Alaska Statewide Avalanche Awareness and Course Offerings

Note: The blue links take you to the specific course provider websites

View our Calendar

March 2015

April 2015

  • Tailgate Mountain Safety Classes – April 3-12, 2015. Location: Thompson Pass. Provider: Alaska Avalanche Information Center
  • Beacons & Eggs – April 4, 2015. Location – Salmonberry Ski Hill, Valdez. 9AM – 1 PM – Open to everyone. This is part of the Wilderness Safety Challenge program. Easter Egg hunt happens at 11:30 am. More information to come.
  • Arctic Man – April 9-12, 2015. Location: Summit Lake. CNFAIC information trailer.
  • Mountain Man Hillclimb – April 17-19, 2015.


National Ski Patrol also offers Avalanche Classes: see Additional Training page for each ski patrol’s website link

High quality avalanche awareness and education courses are also found across the border.  Take a look at the Canadian Avalanche Association’s offerings <here>

COURSE PROVIDERS: If you would like your course added or need to add the correct links, please contact us.

5 thoughts on “Courses

  1. Hey, awsome work you guys do, when are the 2013 class dates going to be posted, specifically a L2 class.

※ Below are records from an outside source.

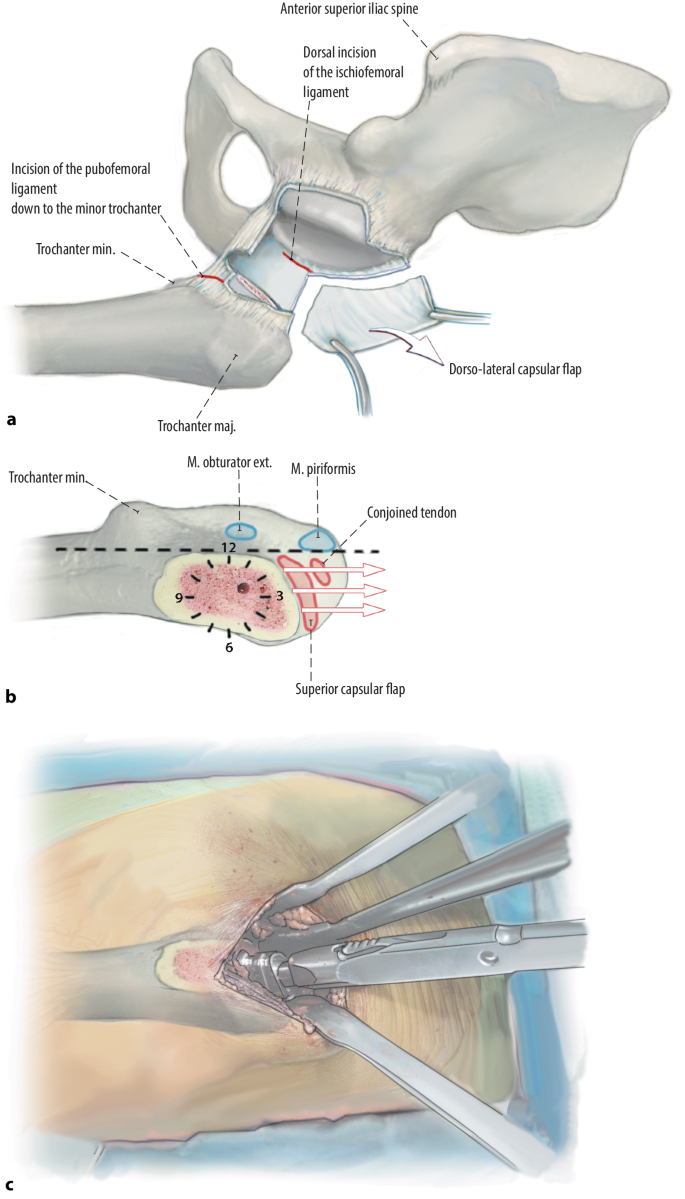 Short stem hip arthroplasty via the minimally invasive direct anterior  approach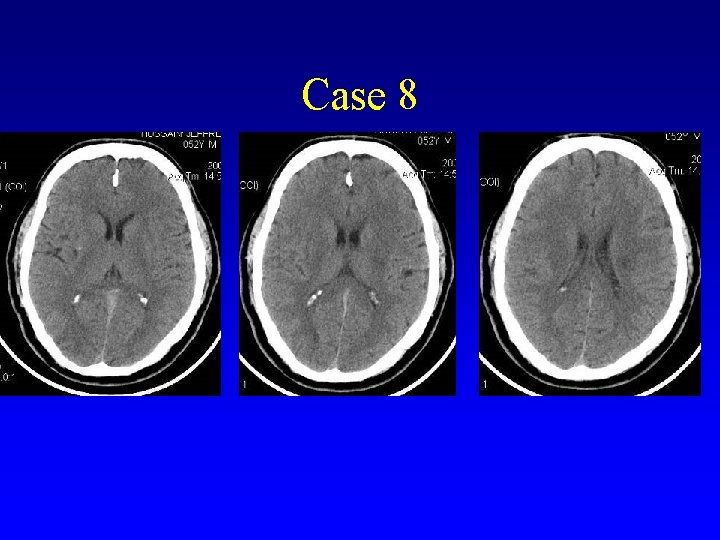 Case 8 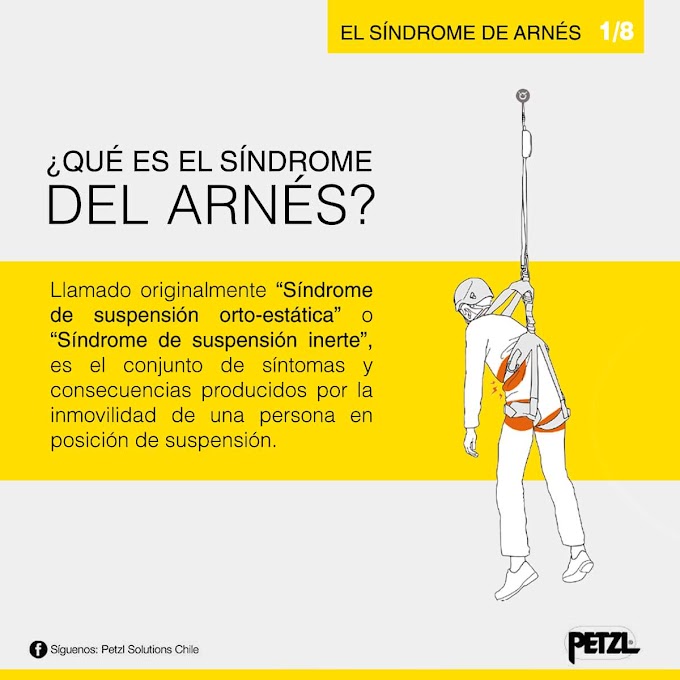 Que es el síndrome del arnés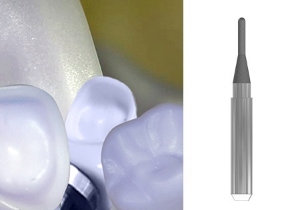 Picture of Versamill ax200/450/500 OEM Glass Ceramic Tool D2.5xR1.25xLn12xOL50 Electroplated Diamond Coated Ballnose Grinding Bur.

Thanks and pray for snow!

  2. Do you offer a woman specific avalanche hazard evaluation course? I recall seeing posters for something similar to this and it seems like it was often offered the last weekend of November, right after Thanksgiving. Any information you can provide would be a big help. Thanks.

  3. Question: investigating educational programs.
    What information do you have for IWLS (International Wilderness Leadership School)? I am looking for Back Country Heli Education along with avi cert & wilderness emt.
    IWLS offers Level 1 & 2 Avalanche certification how does this compare to AIARE, would I be able to take AIARE testing if taken classes through IWLS? Are they transferable?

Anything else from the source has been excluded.